Image-caption web data:
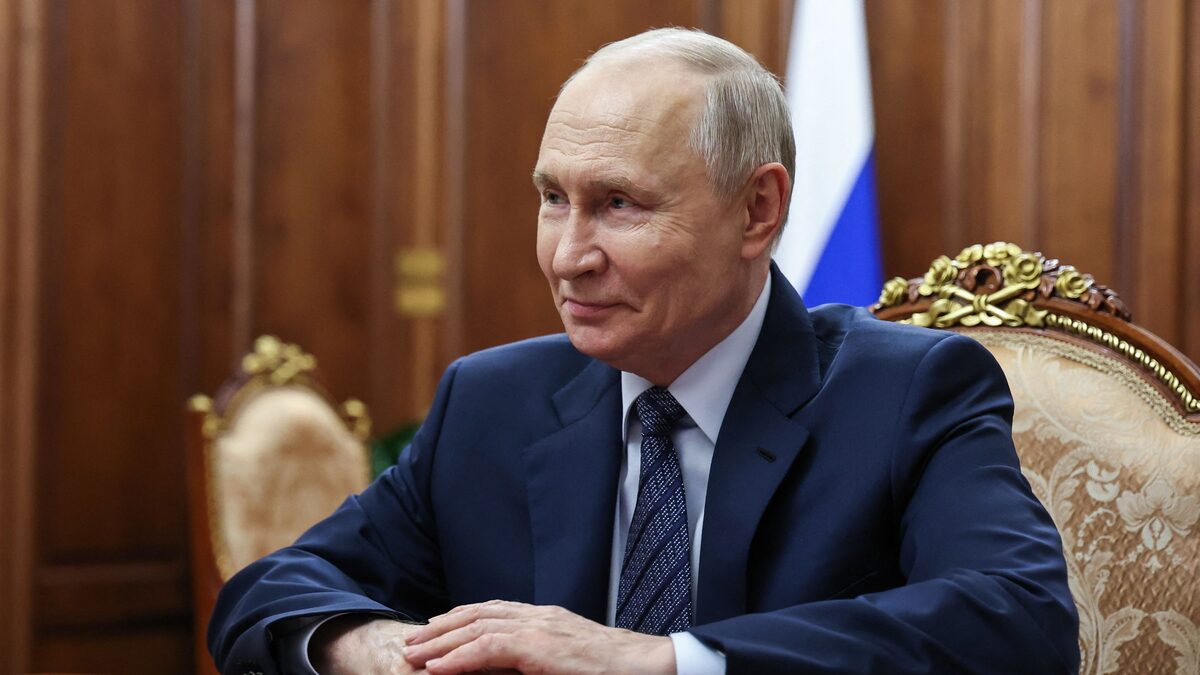 Partido de Putin conquista recorde de cadeiras no Parlamento na 1ª eleição após invasão da Ucrânia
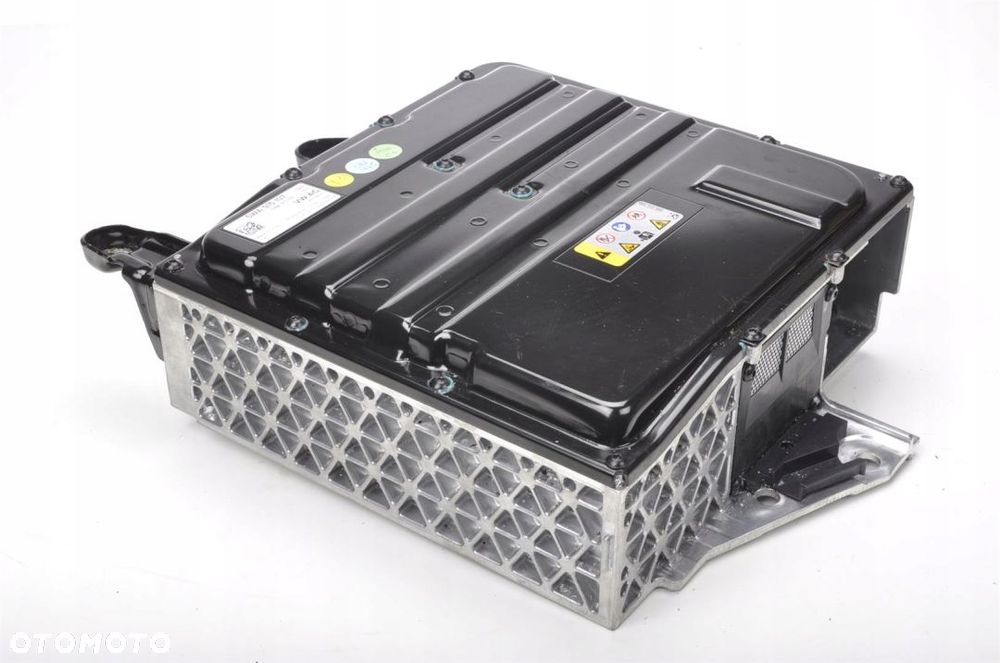 VW GOLF VIII 1.5 eTSI AKUMULATOR 5WA915107 BATERIA - 1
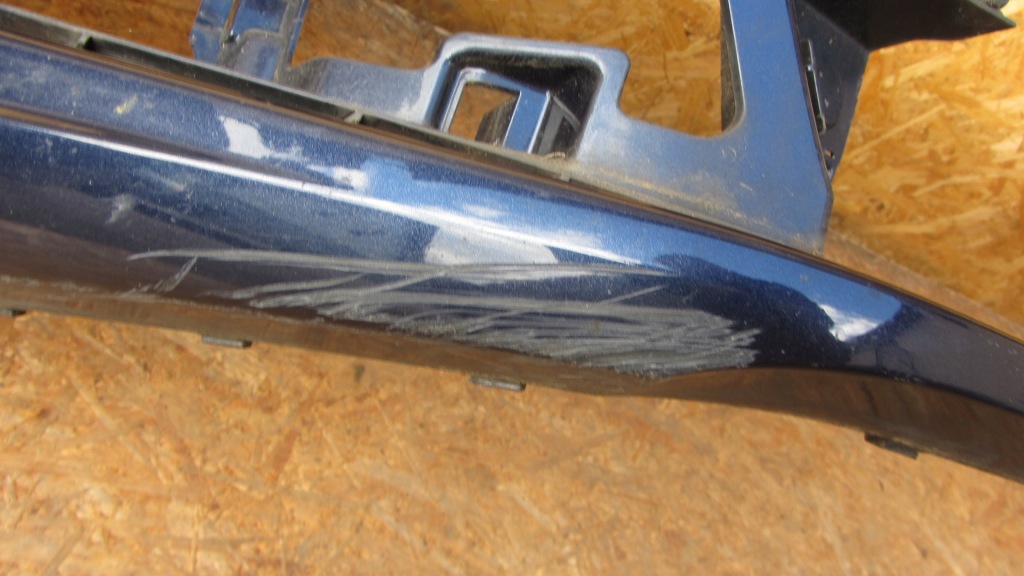 фото №5, Бампер перед передній vw touran 1t0 lift 2010-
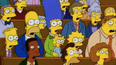 People are spotting how weird front-facing Simpsons characters look and it’s a little unsettling
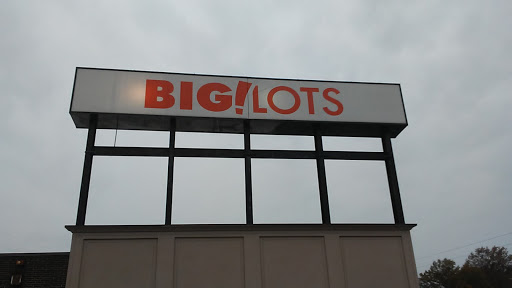 Discount Store «Big Lots», reviews and photos, 1211 Tower Blvd, Lorain, OH 44053, USA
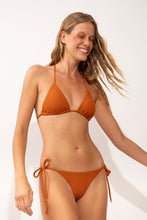 Load image into Gallery viewer, Image 06: Rio De Sol Bottom Bottom Ferrugo Cheeky-Tie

[Your instructions]
Although the records contain pictures, the copy should consist of their text alone, reproduced exactly.

[Result of this exercise]
 Partido de Putin conquista recorde de cadeiras no Parlamento na 1ª eleição após invasão da Ucrânia
 VW GOLF VIII 1.5 eTSI AKUMULATOR 5WA915107 BATERIA - 1
 фото №5, Бампер перед передній vw touran 1t0 lift 2010-
 People are spotting how weird front-facing Simpsons characters look and it’s a little unsettling
 Discount Store «Big Lots», reviews and photos, 1211 Tower Blvd, Lorain, OH 44053, USA
 Load image into Gallery viewer, Image 06: Rio De Sol Bottom Bottom Ferrugo Cheeky-Tie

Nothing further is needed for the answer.